Leaving a Legacy While Caring for Children in Need
After a long life of hard work and taking care of others, Jack Llewellyn is still making plans to support the causes he believes in. He has given to the Masonic Charities for more than 60 years, and most recently has set up two charitable remainder unitrusts (CRUTs) to support his daughters. They will receive quarterly distributions for 20 years, and the remainder of the trust, after Jack's passing, will be given to the Masonic Children's Home.
During Jack's childhood, his family experienced hardship that showed him the value and reward of hard work. He was employed full-time his entire life, from age 14 as a bowling alley pin setter, until his retirement as an IBM senior planner. He took a short break from employment to serve in WWII, leaving school during his senior year in December to join the Navy. Just eight days after he returned home from war, he was employed full-time again driving trucks in strip mines.

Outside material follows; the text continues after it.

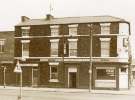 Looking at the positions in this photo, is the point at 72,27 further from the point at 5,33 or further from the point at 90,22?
the point at 5,33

Knowing how his parents' strength and determination gave him opportunities growing up, Jack wanted to help give other children a good starting point in life. Being a Mason for much of his life, he has given to Masonic causes and charities many times before, but wanted to make a larger planned gift and immediately thought of the children at the Masonic Children's Home. Through his involvement in Freemasonry and the values it encourages members to pursue, Jack admits that he has become more charitable over the years. "I have learned more about the opportunities to serve and saw firsthand some of the positive results, an example being the children's home."
Jack was able to see the direct impact the children's home has on children in need when his daughter Lauren brought him to visit from North Carolina a few years ago. Together, they toured the children's home's five cottages and met the wonderful staff and children. They even got to experience Youth Appreciation Day, an annual event that celebrates children's home graduates, as well as the accomplishments of all the youth.
"[They have] continued family-like support in a stable environment while being mentored and prepared for a productive adult life," he says about the support the home gives to the kids. "All the children seemed to be part of one big happy family."
Both of his daughters approve of the way the trust has been set up, because it provides a way for Jack to continue to support his family, while also helping others in a meaningful way. The family believes in the mission and goodwill of the Masonic Charities of Pennsylvania and want to someday continue Jack's legacy of giving.
"It's one of the best charities. You know where the money's going," Jack said.